Utreexo is a solution invented by Tadge Dryja (who is also the cocreator of the Lightning Network) to compress UTXO set using an accumulator based on Merkle trees. The classic UTXO, which contains all UTXOs, requires a lot of storage space. With Utreexo, this constraint is alleviated, as Bitcoin nodes no longer keep all UTXOs, but only a few cryptographic fingerprints. This drastically reduces RAM and storage requirements.
When a user makes a transaction compatible with Utreexo, they provide both the proof of possession of the UTXOs used and the associated Merkle paths. The node then checks this evidence to ensure that UTXOs exist overall based on their cryptographic footprint, without having to store all of the data.
Utreexo can be implemented in two ways. The first is to generalize its use so that all transactions contain this evidence. However, this would increase block sizes, which would affect bandwidth and storage needs. The second method is based on”Bridge Nodes”: full nodes that also store the complete UTXO set and provide the necessary evidence for the Utreexo nodes. Utreexo would then be an option for users who cannot afford a full node. In both cases, there is a compromise, whether in terms of resources required or dependence on Bridge Nodes.

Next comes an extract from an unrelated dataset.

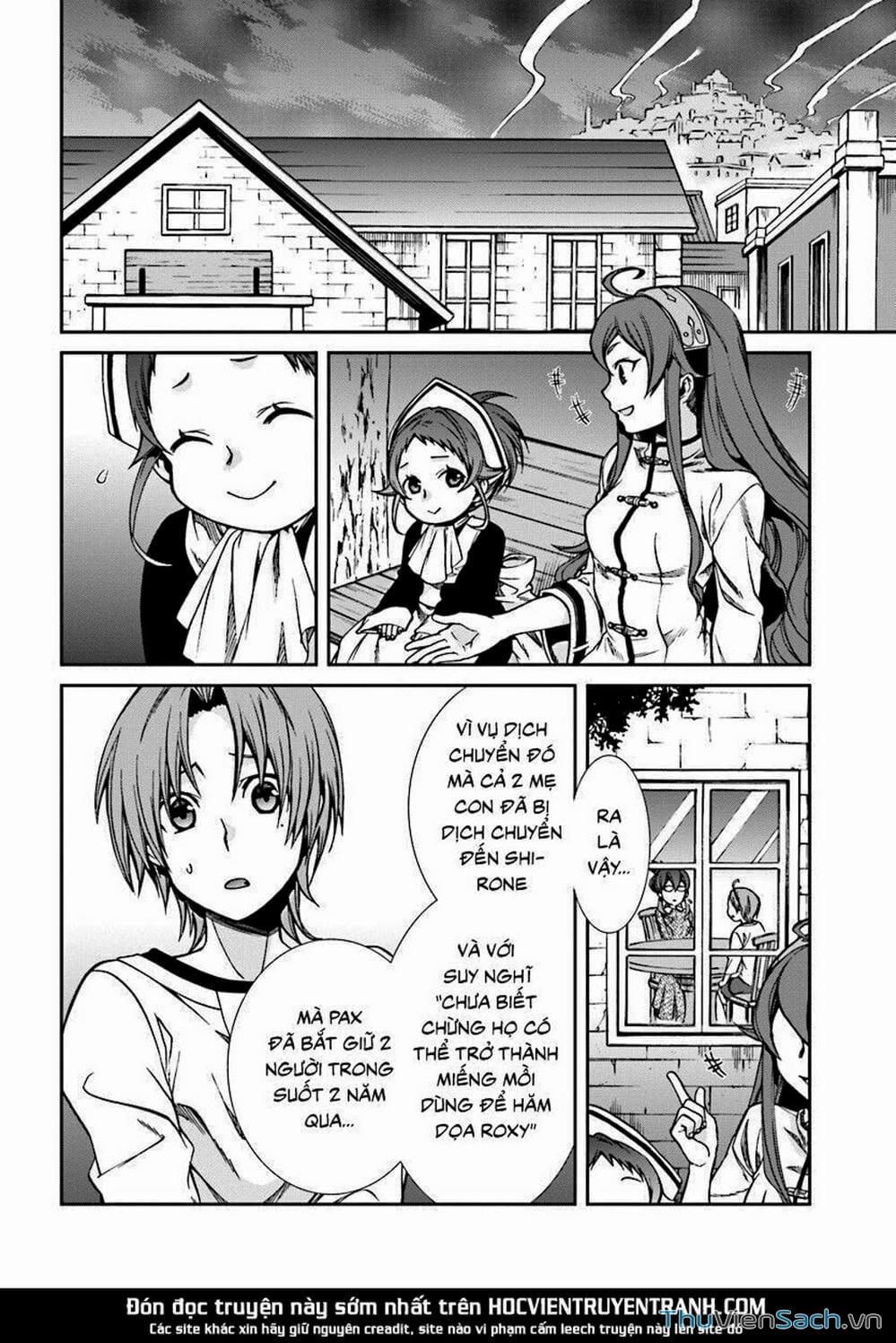 Truyện Tranh Thất Nghiệp Chuyển Sinh - Làm Lại Hết Sức trang 5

➤ Discover what Mempool is on a Bitcoin node.
The UTXO set is a big list of all bitcoin pieces that exist at any given time, which is maintained by each node. It plays an important role in how Bitcoin works, but its rapid and almost natural growth is going to pose challenges for the future. If the size of the UTXO continues to increase, the cost of running a node could become prohibitive for some users.
Utreexo offers a solution by reducing RAM requirements through the use of cryptographic accumulators. However, this protocol necessarily involves compromises, either on the size of the blocks or in terms of dependence on Bridge Nodes. Other solutions may emerge in the future, but it is certain that it will be a technical debate that will have to be addressed in the coming years.